Some focus on generating content that can be served to waste crawler time: crates.io/crates/iocaine/2.1.0

Some focus on generating linked pages: https://hackaday.com/2025/01/23/trap-naughty-web-crawlers-in...

Some of them play the long game and try to poison models' data: https://codeberg.org/konterfai/konterfai

There are lots more as well; those are just a few of the ones that recently made the rounds.

I suspect that combining approaches will be a tractable way to waste time:

- Anubis-esque systems to defeat or delay easily-deterred or cut-rate crawlers,

- CloudFlare or similar for more invasive-to-real-humans crawler deterrence (perhaps only served to a fraction of traffic or traffic that crosses a suspicion threshold?),

- Junk content rings like Nepenthes as honeypots or "A/B tests" for whether a particular traffic type is an AI or not (if it keeps following nonsense-content links endlessly, it's not a human; if it gives up pretty quickly, it might be--this costs/pisses off users but can be used as a test to better train traffic-analysis rules that trigger the other approaches on this list in response to detected likely-crawler traffic).

- Model poisoners out of sheer pettiness, if it brings you joy.

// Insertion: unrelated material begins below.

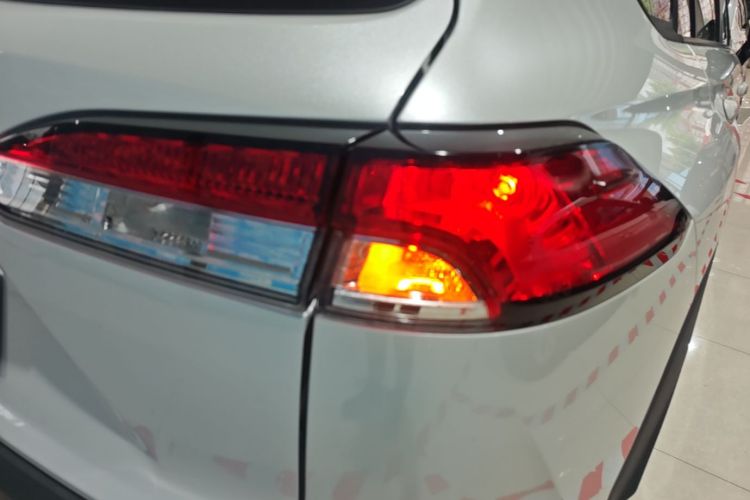 Toyota Corolla Cross 2026 car image #8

I also wonder if serving taboo traffic (e.g. legal but beyond-the-pale for most commercial applications porn/erotica) would deter some AI crawlers. There might be front-side content filters that either blacklist or de-prioritize sites whose main content appears (to the crawler) to be at some intersection of inappropriate, prohibited, and not widely-enough related to model output as to be in demand.